Problem to work on.
After finding the line with "Magyar Derby 2022 Kincsem Park Magyar", restate it and each remaining line of the material word for word, omitting every picture.

Data.
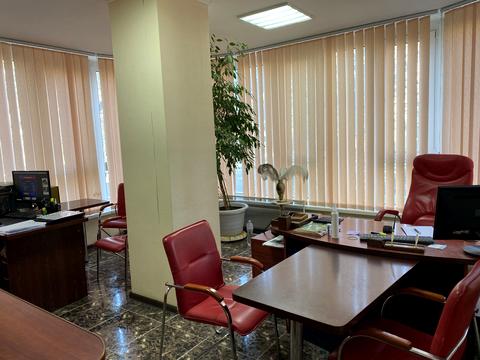 коммерческая по адресу Обсерваторный пер., 2/6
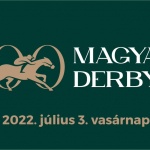 Magyar Derby 2022 Kincsem Park Magyar Derby 2022 Kincsem Park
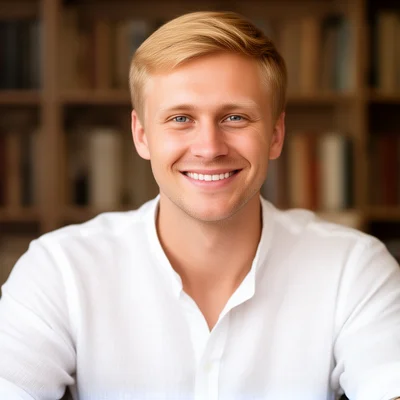 Валерий Тихонов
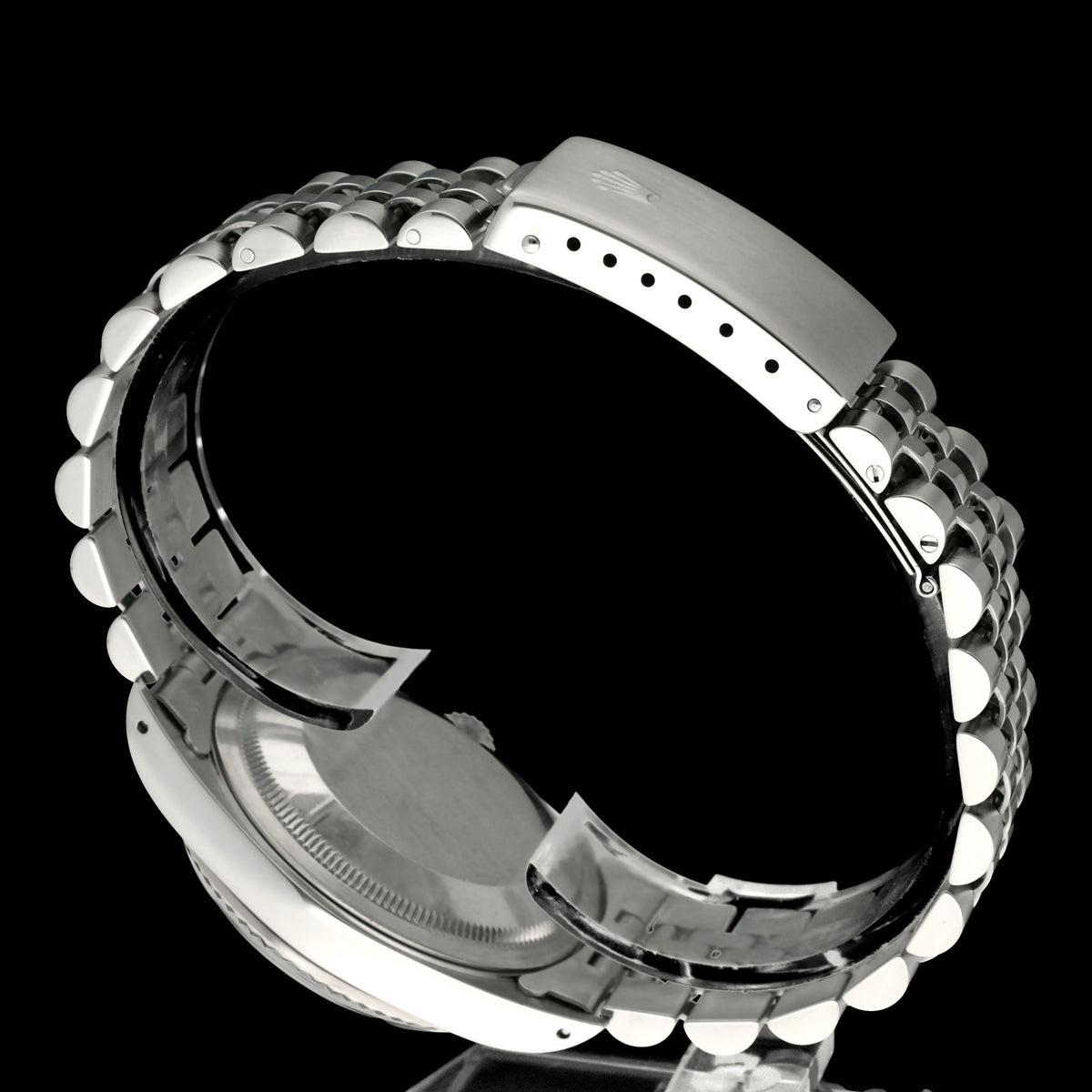 Rolex Datejust 16234 - 1989 - Rolex horloge - Rolex kopen - Rolex heren horloge - Trophies Watches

Response area.
 Magyar Derby 2022 Kincsem Park Magyar Derby 2022 Kincsem Park
 Валерий Тихонов
 Rolex Datejust 16234 - 1989 - Rolex horloge - Rolex kopen - Rolex heren horloge - Trophies Watches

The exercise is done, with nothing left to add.